**The task:**
From the line with "6 Broadway Property Photo 3" to the line with "produzione divani in", retype every line exactly, including those two, and leave out the rest of the data below.

[Short descriptive text snippets]

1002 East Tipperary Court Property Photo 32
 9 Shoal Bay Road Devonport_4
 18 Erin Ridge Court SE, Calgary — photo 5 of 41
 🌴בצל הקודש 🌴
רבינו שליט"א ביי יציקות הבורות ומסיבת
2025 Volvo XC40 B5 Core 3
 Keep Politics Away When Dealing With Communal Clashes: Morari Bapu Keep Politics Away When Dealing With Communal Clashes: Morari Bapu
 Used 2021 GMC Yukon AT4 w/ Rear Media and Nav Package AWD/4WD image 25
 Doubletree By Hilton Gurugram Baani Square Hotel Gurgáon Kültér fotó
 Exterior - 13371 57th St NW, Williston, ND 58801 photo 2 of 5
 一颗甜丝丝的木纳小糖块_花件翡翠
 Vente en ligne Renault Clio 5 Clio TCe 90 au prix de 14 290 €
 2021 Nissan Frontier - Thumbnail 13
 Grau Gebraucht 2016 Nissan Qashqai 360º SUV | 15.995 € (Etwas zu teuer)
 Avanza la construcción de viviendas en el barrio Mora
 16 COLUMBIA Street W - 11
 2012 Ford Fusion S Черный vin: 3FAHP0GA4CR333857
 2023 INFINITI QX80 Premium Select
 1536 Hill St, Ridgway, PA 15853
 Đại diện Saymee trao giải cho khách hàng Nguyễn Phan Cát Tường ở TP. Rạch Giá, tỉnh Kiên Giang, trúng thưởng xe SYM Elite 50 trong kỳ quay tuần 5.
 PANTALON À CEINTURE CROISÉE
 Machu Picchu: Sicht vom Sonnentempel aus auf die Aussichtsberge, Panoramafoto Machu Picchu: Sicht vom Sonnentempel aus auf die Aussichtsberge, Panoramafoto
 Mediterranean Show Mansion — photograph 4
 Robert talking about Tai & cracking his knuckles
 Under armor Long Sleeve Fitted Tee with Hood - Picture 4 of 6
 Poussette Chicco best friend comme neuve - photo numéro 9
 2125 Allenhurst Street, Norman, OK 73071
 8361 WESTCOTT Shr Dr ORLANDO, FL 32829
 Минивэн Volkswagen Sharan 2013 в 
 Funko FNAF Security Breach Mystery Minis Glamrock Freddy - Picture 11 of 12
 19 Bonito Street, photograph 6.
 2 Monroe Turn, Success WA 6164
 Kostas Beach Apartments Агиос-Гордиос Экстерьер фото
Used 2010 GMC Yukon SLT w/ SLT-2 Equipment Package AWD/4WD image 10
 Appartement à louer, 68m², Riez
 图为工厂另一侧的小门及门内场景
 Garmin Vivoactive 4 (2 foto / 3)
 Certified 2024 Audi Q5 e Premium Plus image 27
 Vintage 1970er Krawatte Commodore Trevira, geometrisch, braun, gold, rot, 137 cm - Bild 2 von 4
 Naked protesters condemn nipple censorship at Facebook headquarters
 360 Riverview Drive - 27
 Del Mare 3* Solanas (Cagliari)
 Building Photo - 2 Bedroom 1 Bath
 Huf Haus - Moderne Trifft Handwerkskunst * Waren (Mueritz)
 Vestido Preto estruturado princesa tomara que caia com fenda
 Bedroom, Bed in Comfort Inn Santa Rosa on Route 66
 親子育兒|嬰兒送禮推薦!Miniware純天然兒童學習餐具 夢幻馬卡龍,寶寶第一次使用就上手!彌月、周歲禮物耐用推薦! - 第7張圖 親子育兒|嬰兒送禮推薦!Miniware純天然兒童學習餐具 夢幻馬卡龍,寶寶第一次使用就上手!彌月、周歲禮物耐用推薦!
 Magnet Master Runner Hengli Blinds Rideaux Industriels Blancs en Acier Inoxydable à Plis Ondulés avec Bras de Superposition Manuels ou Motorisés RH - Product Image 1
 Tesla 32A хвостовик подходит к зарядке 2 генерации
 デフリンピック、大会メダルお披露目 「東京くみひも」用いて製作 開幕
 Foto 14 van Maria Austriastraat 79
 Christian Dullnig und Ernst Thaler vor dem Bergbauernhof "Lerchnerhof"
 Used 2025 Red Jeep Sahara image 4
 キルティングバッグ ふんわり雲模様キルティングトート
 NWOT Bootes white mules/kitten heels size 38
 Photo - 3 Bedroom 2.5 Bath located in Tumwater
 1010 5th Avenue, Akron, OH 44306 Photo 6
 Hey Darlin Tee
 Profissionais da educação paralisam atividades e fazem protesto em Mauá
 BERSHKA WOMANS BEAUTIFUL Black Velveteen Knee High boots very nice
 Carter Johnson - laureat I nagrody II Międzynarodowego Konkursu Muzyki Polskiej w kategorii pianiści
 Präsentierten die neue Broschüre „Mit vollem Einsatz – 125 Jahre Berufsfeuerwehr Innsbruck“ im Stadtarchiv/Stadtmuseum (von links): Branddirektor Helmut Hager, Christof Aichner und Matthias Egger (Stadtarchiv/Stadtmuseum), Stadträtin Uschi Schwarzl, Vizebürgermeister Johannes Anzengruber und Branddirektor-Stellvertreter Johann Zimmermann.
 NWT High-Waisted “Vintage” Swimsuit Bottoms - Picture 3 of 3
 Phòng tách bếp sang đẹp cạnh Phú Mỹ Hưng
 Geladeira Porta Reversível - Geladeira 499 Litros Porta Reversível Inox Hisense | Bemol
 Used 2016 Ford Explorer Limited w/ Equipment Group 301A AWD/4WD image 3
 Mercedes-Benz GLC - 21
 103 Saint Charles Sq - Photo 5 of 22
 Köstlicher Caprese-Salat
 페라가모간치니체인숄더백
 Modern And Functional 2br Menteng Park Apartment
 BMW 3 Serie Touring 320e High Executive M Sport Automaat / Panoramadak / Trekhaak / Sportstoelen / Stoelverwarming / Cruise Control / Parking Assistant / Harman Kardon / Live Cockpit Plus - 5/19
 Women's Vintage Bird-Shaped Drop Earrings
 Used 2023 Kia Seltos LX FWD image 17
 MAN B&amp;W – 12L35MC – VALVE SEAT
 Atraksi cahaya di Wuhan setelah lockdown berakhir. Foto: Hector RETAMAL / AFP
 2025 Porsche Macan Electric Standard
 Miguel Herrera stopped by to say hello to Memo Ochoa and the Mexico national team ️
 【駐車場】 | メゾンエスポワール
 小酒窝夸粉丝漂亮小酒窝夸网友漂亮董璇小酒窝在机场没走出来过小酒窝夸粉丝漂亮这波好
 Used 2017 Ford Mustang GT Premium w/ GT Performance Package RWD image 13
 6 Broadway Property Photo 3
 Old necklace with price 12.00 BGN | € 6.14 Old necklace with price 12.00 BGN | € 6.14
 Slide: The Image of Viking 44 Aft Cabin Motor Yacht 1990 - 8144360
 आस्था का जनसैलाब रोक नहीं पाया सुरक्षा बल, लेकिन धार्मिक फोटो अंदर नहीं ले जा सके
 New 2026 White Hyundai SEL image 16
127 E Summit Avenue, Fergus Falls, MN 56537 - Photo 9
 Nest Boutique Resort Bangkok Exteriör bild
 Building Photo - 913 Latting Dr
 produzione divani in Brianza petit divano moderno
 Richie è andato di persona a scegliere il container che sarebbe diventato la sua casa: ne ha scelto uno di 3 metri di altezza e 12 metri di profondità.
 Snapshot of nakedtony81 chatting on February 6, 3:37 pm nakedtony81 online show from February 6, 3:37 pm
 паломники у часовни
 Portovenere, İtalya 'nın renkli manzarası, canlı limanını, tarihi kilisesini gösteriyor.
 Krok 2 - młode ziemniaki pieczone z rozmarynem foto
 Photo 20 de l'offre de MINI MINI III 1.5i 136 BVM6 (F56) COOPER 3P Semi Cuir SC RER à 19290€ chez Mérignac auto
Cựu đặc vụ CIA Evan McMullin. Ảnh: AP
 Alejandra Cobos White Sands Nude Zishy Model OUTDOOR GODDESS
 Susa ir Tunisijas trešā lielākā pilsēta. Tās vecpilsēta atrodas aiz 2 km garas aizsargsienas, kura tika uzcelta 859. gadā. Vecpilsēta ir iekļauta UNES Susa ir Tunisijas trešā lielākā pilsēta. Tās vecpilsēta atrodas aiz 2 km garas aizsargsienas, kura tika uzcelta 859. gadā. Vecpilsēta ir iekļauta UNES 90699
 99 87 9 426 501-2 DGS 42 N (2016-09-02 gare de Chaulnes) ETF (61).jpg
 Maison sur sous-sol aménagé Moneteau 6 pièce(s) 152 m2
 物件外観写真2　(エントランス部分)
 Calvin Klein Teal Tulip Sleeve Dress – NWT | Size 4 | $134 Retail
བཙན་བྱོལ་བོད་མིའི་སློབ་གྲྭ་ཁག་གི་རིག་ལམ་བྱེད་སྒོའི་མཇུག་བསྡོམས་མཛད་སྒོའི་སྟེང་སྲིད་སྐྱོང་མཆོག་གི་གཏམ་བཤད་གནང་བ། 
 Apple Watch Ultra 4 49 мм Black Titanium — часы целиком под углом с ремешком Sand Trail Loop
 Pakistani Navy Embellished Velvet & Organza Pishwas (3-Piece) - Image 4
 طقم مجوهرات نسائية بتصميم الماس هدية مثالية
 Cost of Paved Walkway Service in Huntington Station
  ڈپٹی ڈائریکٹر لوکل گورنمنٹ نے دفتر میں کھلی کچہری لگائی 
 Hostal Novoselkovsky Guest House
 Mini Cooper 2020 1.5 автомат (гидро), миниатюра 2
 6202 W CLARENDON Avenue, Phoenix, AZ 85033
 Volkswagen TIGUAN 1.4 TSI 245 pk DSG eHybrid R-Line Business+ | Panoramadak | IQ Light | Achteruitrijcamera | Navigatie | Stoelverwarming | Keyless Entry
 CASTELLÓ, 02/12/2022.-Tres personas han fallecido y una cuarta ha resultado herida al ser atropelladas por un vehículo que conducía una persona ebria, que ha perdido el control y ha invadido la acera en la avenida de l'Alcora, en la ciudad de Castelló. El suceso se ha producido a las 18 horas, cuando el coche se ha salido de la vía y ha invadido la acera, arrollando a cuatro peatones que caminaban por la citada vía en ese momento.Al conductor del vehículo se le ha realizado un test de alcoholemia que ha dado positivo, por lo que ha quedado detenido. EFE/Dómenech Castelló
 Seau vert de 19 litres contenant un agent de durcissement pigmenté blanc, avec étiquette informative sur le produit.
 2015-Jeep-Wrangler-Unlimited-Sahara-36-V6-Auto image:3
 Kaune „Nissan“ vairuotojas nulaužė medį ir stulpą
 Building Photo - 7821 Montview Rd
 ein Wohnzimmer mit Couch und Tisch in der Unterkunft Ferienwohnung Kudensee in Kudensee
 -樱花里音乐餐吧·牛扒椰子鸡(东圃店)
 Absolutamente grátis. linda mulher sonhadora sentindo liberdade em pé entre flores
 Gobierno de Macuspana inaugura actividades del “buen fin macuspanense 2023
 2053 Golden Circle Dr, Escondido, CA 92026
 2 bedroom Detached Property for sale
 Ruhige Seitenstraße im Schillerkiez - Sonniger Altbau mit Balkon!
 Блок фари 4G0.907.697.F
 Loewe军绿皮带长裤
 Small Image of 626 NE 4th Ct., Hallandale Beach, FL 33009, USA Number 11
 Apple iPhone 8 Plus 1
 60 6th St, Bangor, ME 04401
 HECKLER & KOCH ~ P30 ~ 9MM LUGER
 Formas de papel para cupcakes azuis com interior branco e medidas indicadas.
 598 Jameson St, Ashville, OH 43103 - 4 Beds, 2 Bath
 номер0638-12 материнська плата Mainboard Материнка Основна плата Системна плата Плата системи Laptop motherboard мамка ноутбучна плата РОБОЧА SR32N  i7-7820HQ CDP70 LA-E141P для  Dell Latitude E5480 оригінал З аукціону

**Answer below:**
 6 Broadway Property Photo 3
 Old necklace with price 12.00 BGN | € 6.14 Old necklace with price 12.00 BGN | € 6.14
 Slide: The Image of Viking 44 Aft Cabin Motor Yacht 1990 - 8144360
 आस्था का जनसैलाब रोक नहीं पाया सुरक्षा बल, लेकिन धार्मिक फोटो अंदर नहीं ले जा सके
 New 2026 White Hyundai SEL image 16
127 E Summit Avenue, Fergus Falls, MN 56537 - Photo 9
 Nest Boutique Resort Bangkok Exteriör bild
 Building Photo - 913 Latting Dr
 produzione divani in Brianza petit divano moderno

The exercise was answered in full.